Retired engineer Mr S, 77, went to see his GP, Dr J, with symptoms of dizziness. He had returned from a pacemaker check at the hospital that morning and while travelling home on the train he had started to feel off-balance. He managed to get an emergency appointment to see Dr J, by which time the symptoms were resolving.
Dr J noted that the pacemaker had been fitted for complete heart block six years ago, and had remained in situ without any problems since then. Mr S reported no chest pain or palpitations and Dr J, feeling reassured by the recent pacemaker check and a normal examination, attributed the symptoms to motion sickness and prescribed cinnarizine.
Despite taking the medication regularly, Mr S’s dizziness continued, so he returned to the practice two days later to see Dr A, his usual GP. Dr A recorded his BP as 140/50 and attributed the symptoms to benign paroxysmal positional vertigo. No record was made of Mr S’s pulse. Dr A advised Mr S to continue the medication prescribed by Dr J.

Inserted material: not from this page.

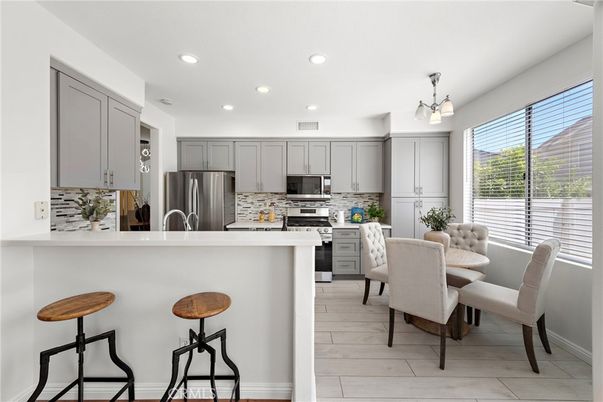 Dining room, Interior, Kitchen, Recessed Lighting, Stainless Steel Appliances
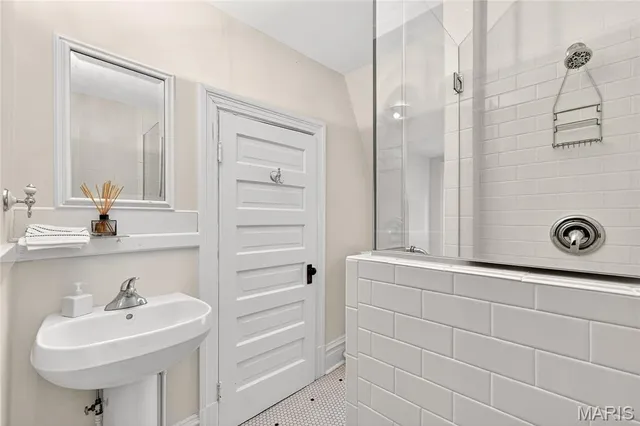 $899,000 | 4624 Pershing Place, St. Louis, MO 63108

During the next six weeks, Mr S consulted with Dr A on three further occasions with ongoing symptoms of intermittent dizziness. Note-keeping from all three consultations was sparse, with no defined cause of the symptoms documented, and no further cardiovascular examination or ECG performed. Mr S was given a trial of betahistine for presumed Meniere’s disease.
Two months after his initial presentation, Mr S was taken into the Emergency Department after collapsing on the street when out shopping. He was found to be in complete heart block, with a pulse rate of 32 beats per minute. The admission ECG showed atrial pacing but no ventricular spikes, and his symptoms were attributed to a malfunctioning pacemaker.
He was admitted to hospital, and while being monitored on telemetry, the pacemaker activity resumed without intervention. Mr S became acutely confused after admission to the ward. He was treated for a urinary tract infection, and underwent a full confusion screen, which was unremarkable.
A CT scan of his brain showed small vessel disease. The patient continued to deteriorate, leading to him becoming fully dependant. He was discharged into a care home following a prolonged admission.
Mr S’s family made a claim against Dr A, stating that the confusion and memory loss developed as a result of hypoxia, linked to the malfunctioning pacemaker. Experts agreed that a competent GP would rethink the diagnosis of vertigo and carry out a cardiovascular examination, including an ECG.
Dr A defended his actions by stating that by taking a manual blood pressure reading, he would have listened to the pulse and been aware of any significant irregularity or abnormal rate. However, opinion was divided on the causation of Mr S’s decline.
Experts found no evidence to support an episode of circulatory failure significant enough to cause prolonged hypoxic damage. The general deterioration was considered to be due to a preexisting cognitive impairment, which was exacerbated by the hospital environment and the bradycardia – which experts agreed, would have occurred in any event with an earlier hospital admission.
The case was settled for a low sum to reflect the partial causation defence.
- Lack of clear documentation makes a case difficult to defend. In this scenario, there was no record in the notes that the patient’s pulse had been taken. If an investigation is not written down, it is hard to prove that it took place.
- The allegation in this instance was of memory loss as a result of hypoxia. Ultimately, the deterioration of the patient was attributed to pre-existing cognitive impairment, hence the low settlement. From a medicolegal standpoint, this highlights the importance of fully investigating claims, since taking the claim at face value may have resulted in payment of long-term care costs.
- Be wary of repeat consultations. Dizziness is common, but revisiting a diagnosis and carrying out a basic examination, especially in a patient with a cardiac history, is essential to ensure that good quality care is provided.